Let $\mu(n)$ the Möbius function, see its definition for example from this MathWorld, and we denote with $s$ the complex variable.
I'm curious to know if some case of the series $$\sum_{n=1}^\infty\frac{(-1)^n\mu(n)}{n^s}$$ for $\Re s\geq \frac{1}{2}$, were in the literature.
I did simple experiments with Wolfram Alpha and from those my belief is that one can calculate a closed-form for the case $s=2+0\cdot i=2$, and write an identity in terms of the constant $\frac{1}{\zeta(3)}$ for the case $s=3$.
Question.
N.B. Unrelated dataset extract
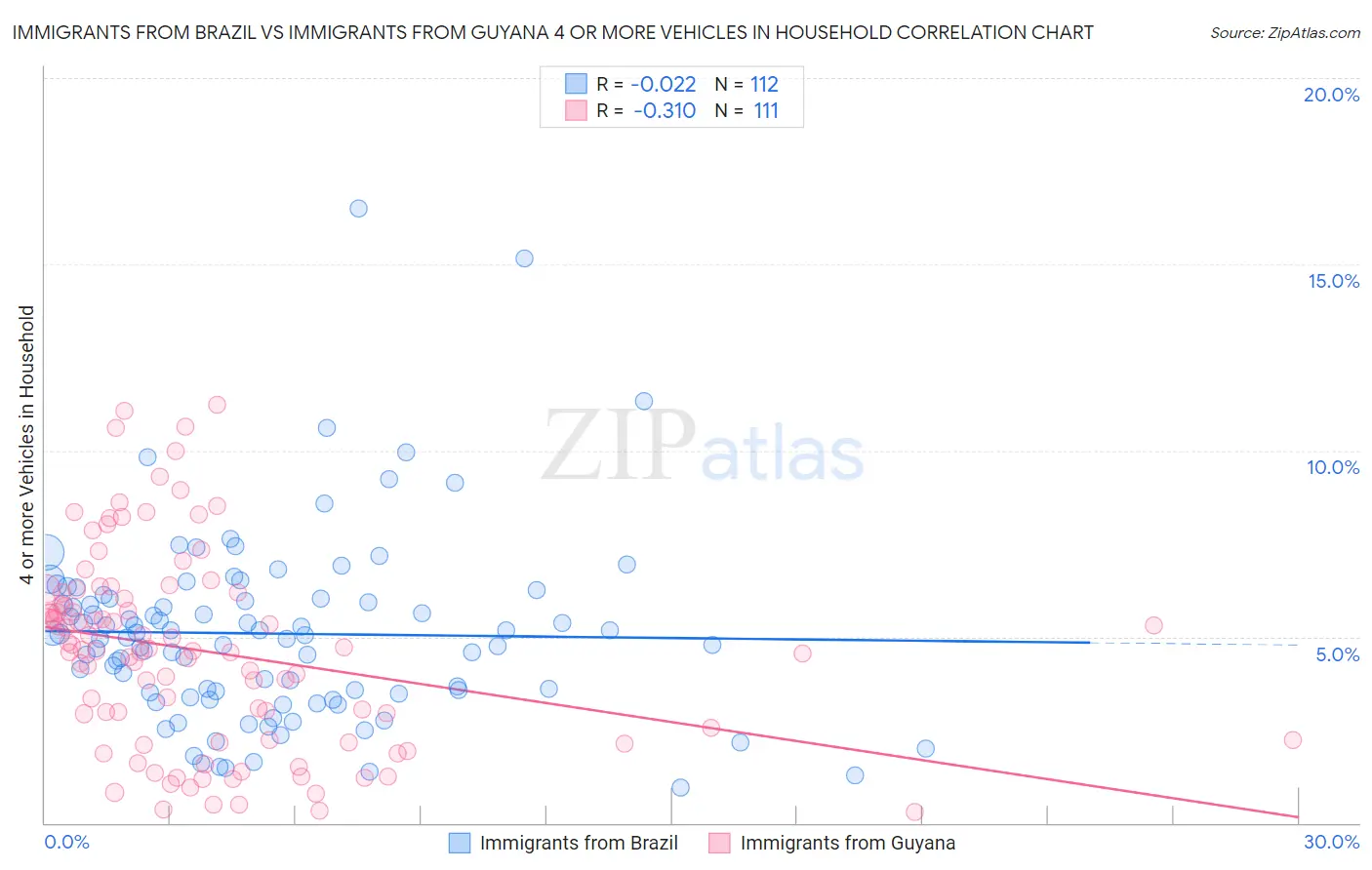 Immigrants from Brazil vs Immigrants from Guyana 4 or more Vehicles in Household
Was in the literature the formal series (or complex function defined on a domain of the complex plane) $$\sum_{n=1}^\infty\frac{(-1)^n\mu(n)}{n^s}\,?\tag{1}$$ Then refer the literature and I try to find and read those known facts about the complex function $(1)$. Many thanks.
Assume for a moment that $\operatorname{Re}(s) > 1$. Then using the fact that $\mu$ is multiplicative, we have
$$ \sum_{n\text{ even}} \frac{\mu(n)}{n^s} = \sum_{k=1}^{\infty} \frac{\mu(2k)}{(2k)^s} = - \frac{1}{2^s} \sum_{k\text{ odd}} \frac{\mu(k)}{k^s}. $$
So if we write $D(s) = \sum_{k\text{ odd}} \frac{\mu(k)}{k^s}$, then
$$ \frac{1}{\zeta(s)} = \sum_{n=1}^{\infty} \frac{\mu(n)}{n^s} = (1 - 2^{-s})D(s) $$
and hence
\begin{align*} \sum_{n=1}^{\infty} \frac{(-1)^n \mu(n)}{n^s} &= \sum_{n\text{ even}} \frac{\mu(n)}{n^s} - \sum_{n\text{ odd}} \frac{\mu(n)}{n^s} \\ &= -(1+2^{-s})D(s) = - \frac{2^s+1}{2^s-1} \cdot \frac{1}{\zeta(s)}. \end{align*}